Hace poco escuchamos: «La educación es el reflejo del alma de una persona». Lo que equivale a decir: «Sé un individuo bien educado, sumamente cortés, y serás una buena persona». Es para reír.
Dentro de ese juego de apariencias, aunque en el fondo eran gemelos, Talleyrand le ganaba al señor Fouché. En el hipócrita mundo de las cortes, el Ministro de Relaciones Exteriores de Napoleón encantaba a las personas con sus modales del buen mundo, algo que no lograba el jefe de la Policía, con su aspecto de hombrecillo encorvado y esa mirada glacial, capaz de estremecer al mismo Emperador.
En la mente de algún funcionario ingenuo, un tipo tan refinado como Talleyrand, con modales tan distinguidos, con un verbo tan bien labrado, no podía ser una vil persona. «De ningún modo. Imposible», dirían con vehemencia. Fouché, en cambio, sería la representación del Diablo en la tierra.

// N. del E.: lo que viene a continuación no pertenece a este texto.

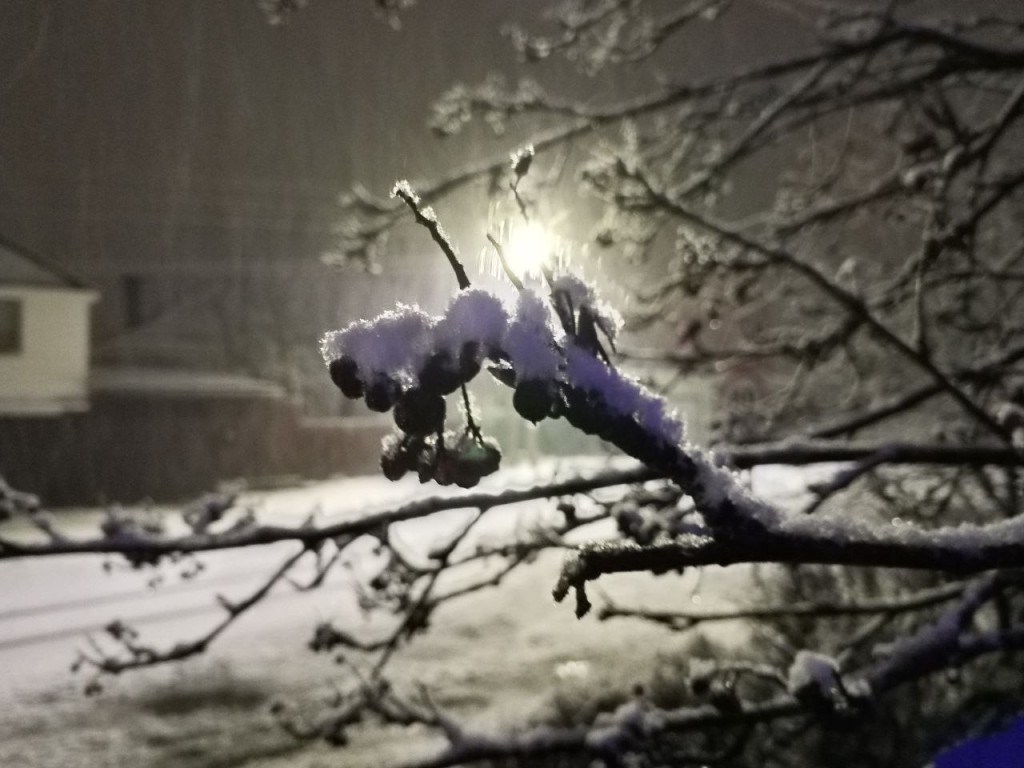 Подморозит и засыплет: приход зимы ружанам пообещали на 24 декабря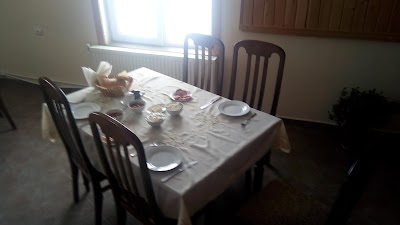 Photos of Shamo
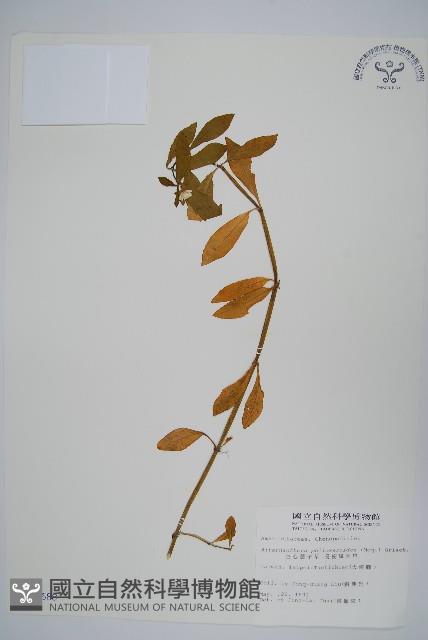 空心蓮子草藏品圖，第1張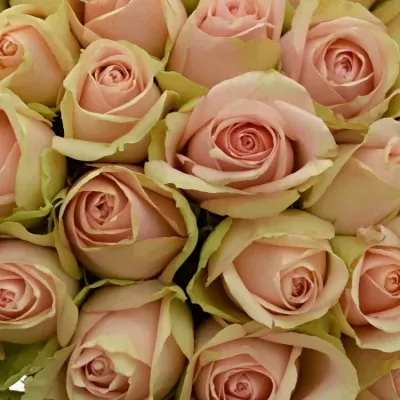 Kytice 100 růžových růží ROYAL PINK 40cm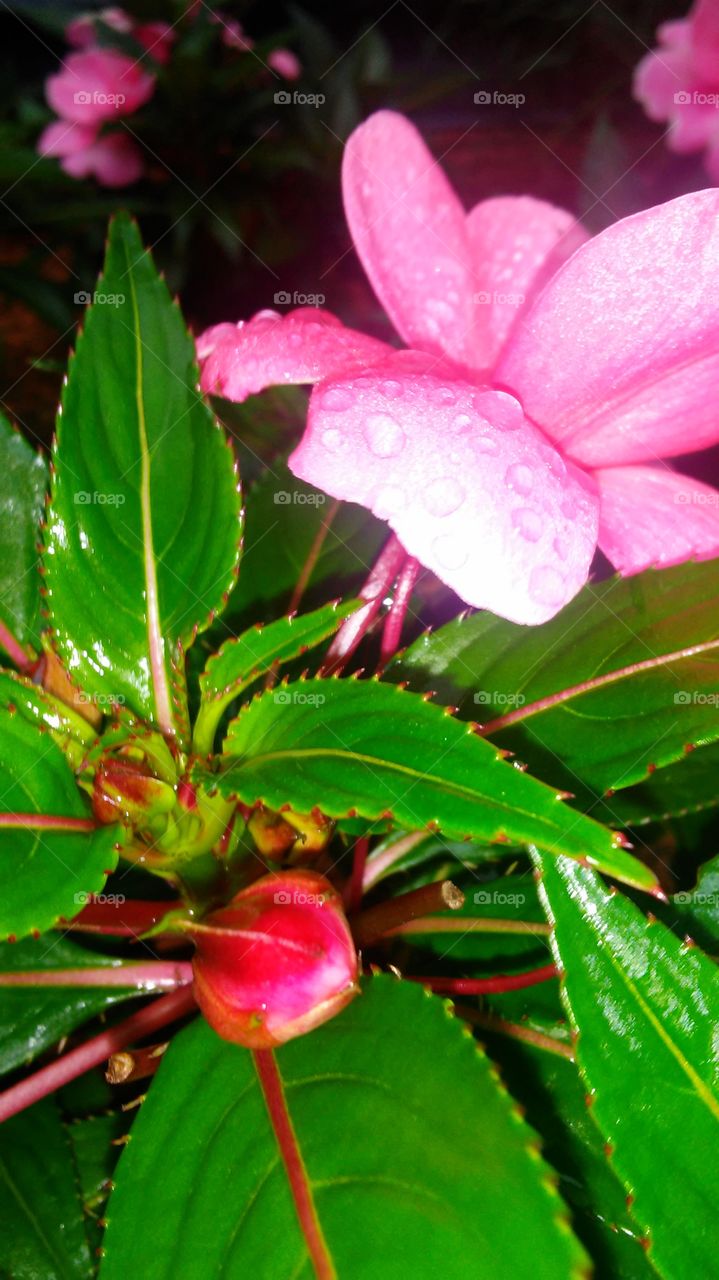 Nature, Leaf, Flower, Flora, No Person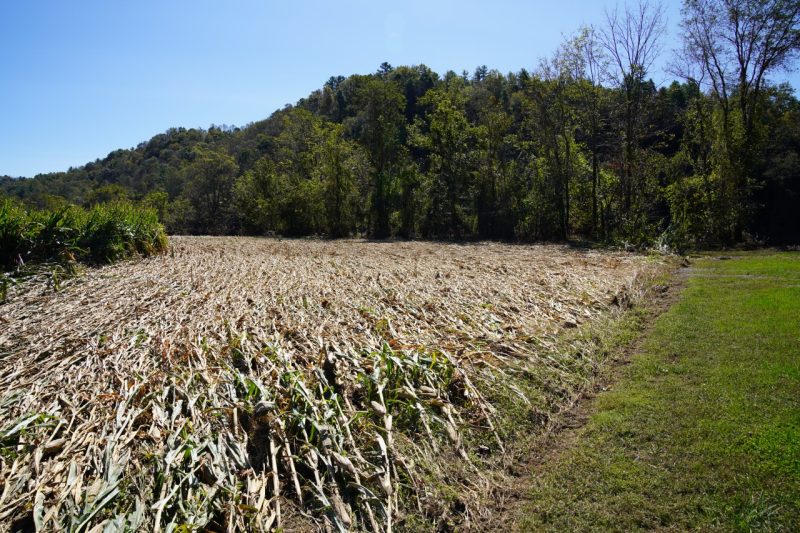 A cornfield flattened by floods.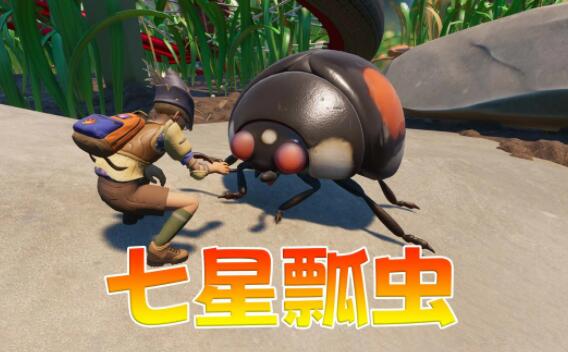 禁闭求生瓢虫套装效果 禁闭求生瓢虫套装材料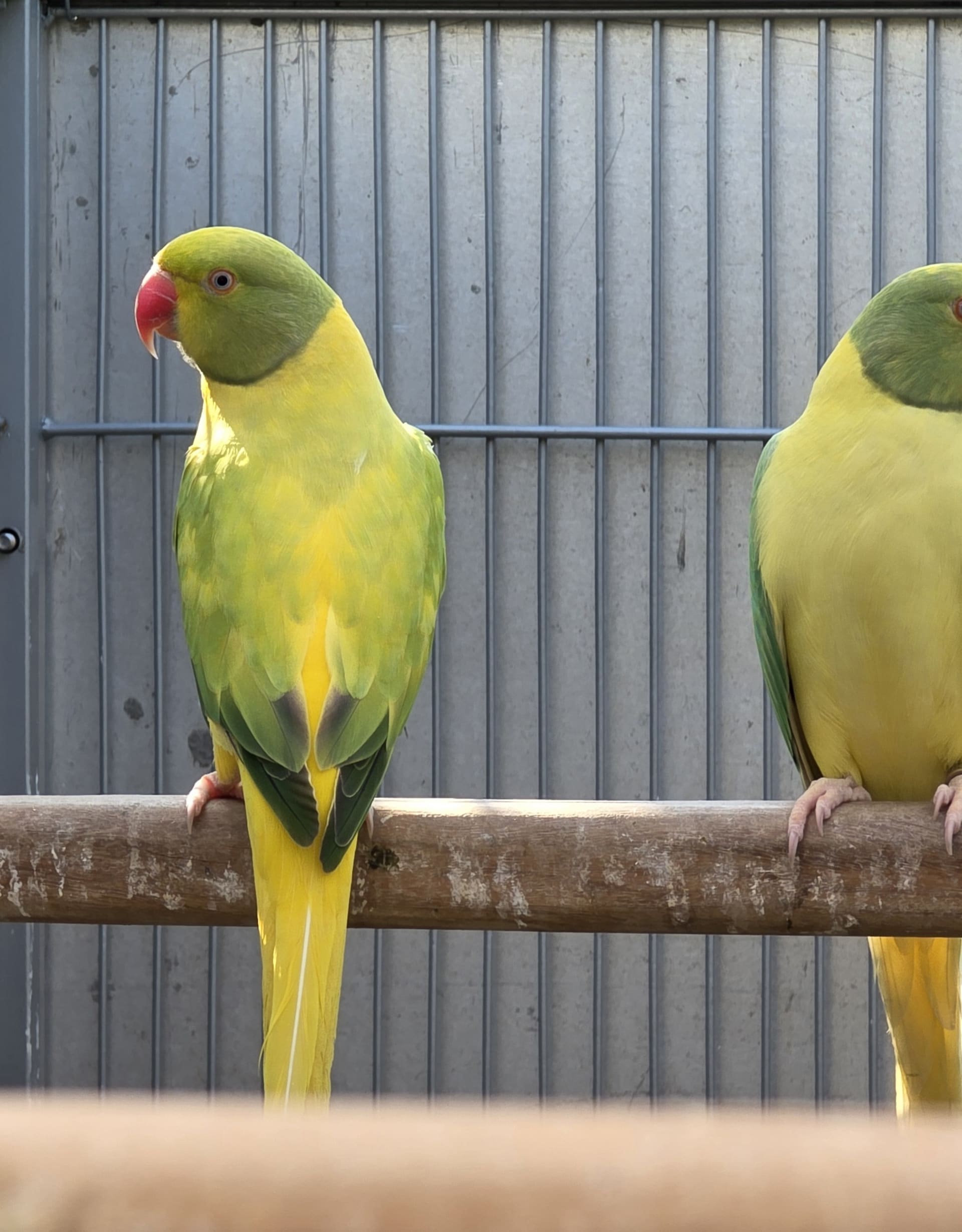 Thumbnail da imagem de Opalina Cleartail verde - 1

Lo irónico del caso es que el problema vuelve a repetirse, en una nueva época, en circunstancias diferentes y entre personas bien anónimas, pero al final es la misma historia: ese medir a las personas por la imagen que pretenden exhibir, y no por la naturaleza que envuelve sus actos.
Reconocemos que en Cuba, por la acumulación de las vicisitudes del largo Período Especial y otras distorsiones desordenadas, la educación formal ha sufrido un retroceso, al punto que hoy pugna por recobrar su espacio. Algunas personalidades nos la recuerdan por la prensa escrita o la televisión, pero al final se encuentra con un contexto de tensiones personales y modelos de enseñanza, incluso dentro de la familia, en los que decir «qué onda», a modo de saludo, tiene mayor relevancia que desear buenos días.
Es verdad que se extraña el «permiso, por favor», dicho en el tono adecuado a la hora de interrumpir una conversación, o el simple gesto para indicarle a una persona que habla con otra cuando deseamos avisarle de algo. Muchas veces somos testigos de lo contrario. El de quedarnos con la palabra en la boca porque llegó un tercero diciendo «Fulano, ¿cómo estás?, quería verte» y permanecer en ascuas porque te secuestraron la conversación.
Por eso, uno de los conflictos que en materia educacional debe solucionar el país está en rescatar a plenitud la educación formal y desvalorizar las actitudes del cheo: ese ser primitivo, propenso a las triquiñuelas y a pasar por encima de todos, y que de manera tan magistral parodió nuestro grande y casi olvidado humorista Enrique Arredondo (Bernabé) con su personaje Cheo Malanga.
Con esto no abogamos por el extremo ridículo de tener a lo popular, a las expresiones de barrio y de vecinos como lo vulgar. En ocasiones, con todo el atildamiento que ciertas personas se preocupan en mostrar, hallamos más egoísmo y dobleces en esas «finuras» que en alguna de las cuarterías de cualquier ciudad.
La educación, ni es tan formal ni es tan buena cuando no se corresponde con una actitud ética ante la vida. En todo caso, y de aplicarse de ese modo, ella sería un conjunto de normas maltrechas practicadas por individuos que son muy educados, pero tremendamente soberbios y despiadados a la hora de saciar sus ambiciones de estatus.
Por eso el término «maceta» no es solo un concepto para designar al sujeto que alcanzó un nivel material por obra y gracia de la corrupción. Apunta, también, a una dimensión humana y cultural, que trata de enmascararse en la doble moral y echa mano a las normas de la buena conducta, a los buenos modales, al gran mundo —como lo hacía Talleyrand— para ocultar su ruindad moral.
De ahí el motivo de risa a la hora de escuchar el criterio con que se inicia este comentario. Un enunciado elitista y discriminatorio, pues da más pie a la trampa que a la dignidad.
Quizá por ello —como cuentan Stefan Zweig y Emil Ludwig—, cuando Fouché observaba a Talleyrand en sus galanteos de corte, entrecerraba los ojillos y murmuraba: «No me engañas, rata». Lo sabía bien, porque tanto él como su aliado-rival y los abanderados de la buena educación como reflejo del alma, no son más que la misma cosa: amargos personajes en una triste comedia de domingo.